In the first half of this month, Indian gasoline and LPG sales were up 10% year-on-year, according to preliminary data from the country’s three largest fuel retailers. Sales of diesel, the country’s most popular fuel, were 5% lower than the previous year, while aviation fuel use was halved.

The roaring refineries are in stark contrast to the situation in July, when lockdowns destroyed demand and resulted in excess fuel being diverted to onshore tanks and filled to the brim.

In contrast to China, where the recovery in demand followed a near-complete eradication of Covid-19, the Indian factories are back to full capacity before the disease goes away. While daily cases are falling, restrictions on public transportation and travel remain in place.

The strong demand for gasoline and the seemingly “endless” thirst for liquefied gas have made Mangalore Refinery and Petrochemicals Ltd. sufficient to operate your plant in South India to almost 100%. The runs are expected to rise above the capacity stated on the nameplate in January and the first quarter, said managing director M. Venkatesh.

Many Indian refineries can increase processing rates beyond capacity due to bottlenecks and expansion projects.

The Mangalore plant will process 1.3 million tons of crude oil in December, up from 1 million in November. Crude oil volumes are expected to rise to 1.4 million in January and February.

Strong auto sales and a surge in industrial and construction activity should also fuel demand, said Mukesh Kumar Surana, chairman of Hindustan Petroleum Corp.

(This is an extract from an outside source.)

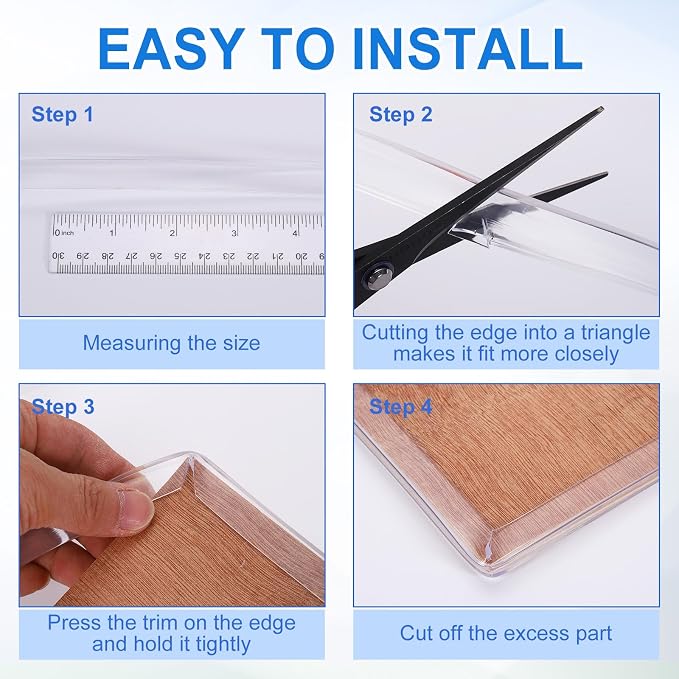 Clear Edge Trim, 9.8Ft Silicone U Channel Edge Protector, Edges Guards Fits 3/16"-1/4" for Car Doors Sheet Metal Parts (3/8" W x 9/16" H)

Refining runs at HPCL are currently over 100% and gasoline sales are growing at a pace of around 5%.

For Indian oil, crude oil throughput rose from 88% in the previous month to 100% of planned capacity in November and to 55% in early May, the company said in a statement. The total consumption of petroleum products was almost at the pre-Covid level last month. Sales of gasoline and liquefied petroleum gas increased compared to the previous year.